▶ **Recorded information**
+---+

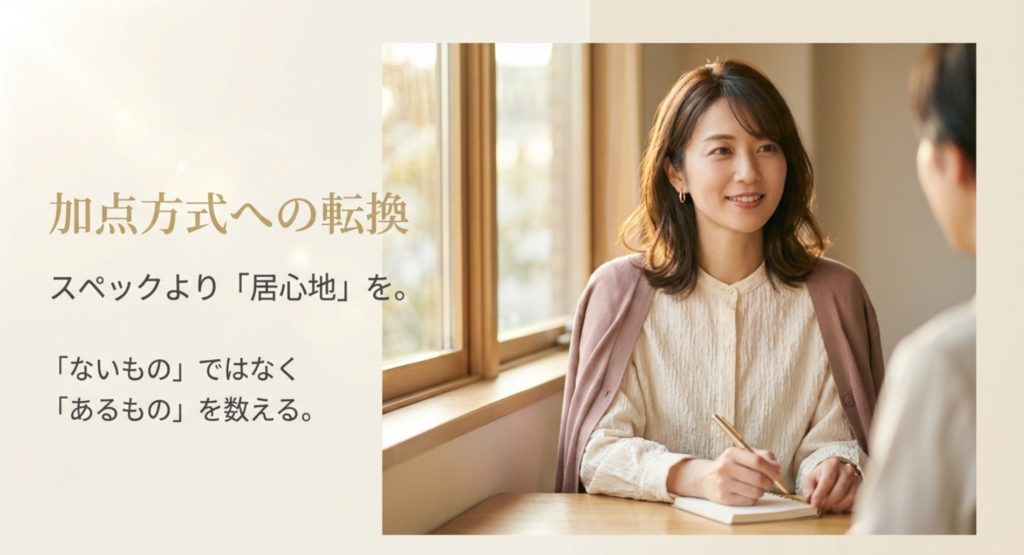 理想が高い自分を卒業し加点方式で相手を見るトレーニングを示す画像。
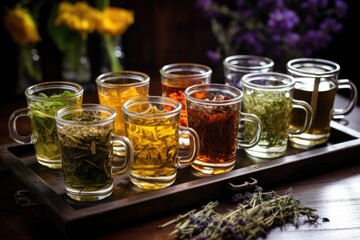 Poster - an assortment of herbal teas in glass mugs on a tray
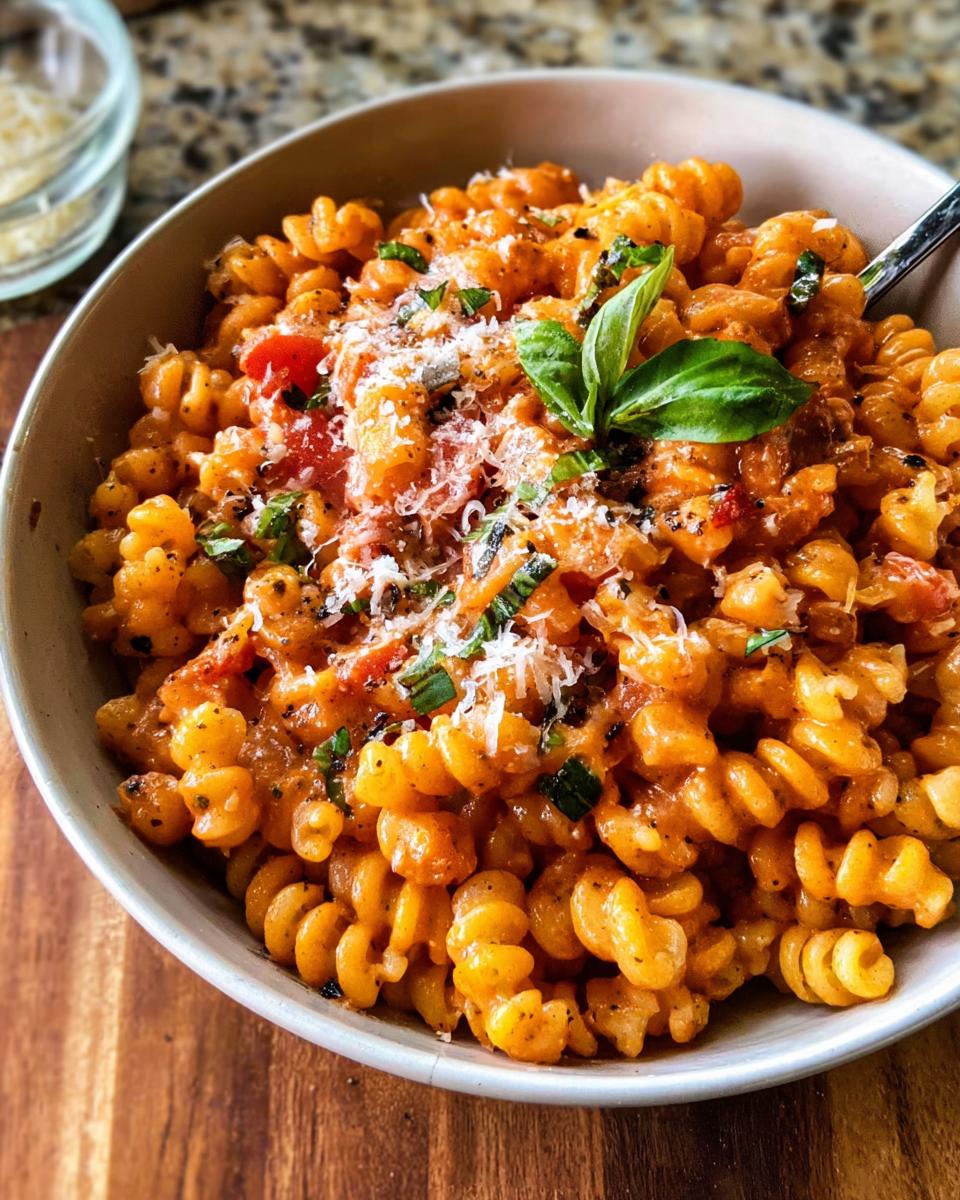 A bowl of creamy tomato basil pasta with fusilli noodles, topped with fresh basil and grated Parmesan cheese.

+---+

▶ **The task**
The reply should contain every line of the material exactly, and no images.

▶ **Written answer**
 理想が高い自分を卒業し加点方式で相手を見るトレーニングを示す画像。
 Poster - an assortment of herbal teas in glass mugs on a tray
 A bowl of creamy tomato basil pasta with fusilli noodles, topped with fresh basil and grated Parmesan cheese.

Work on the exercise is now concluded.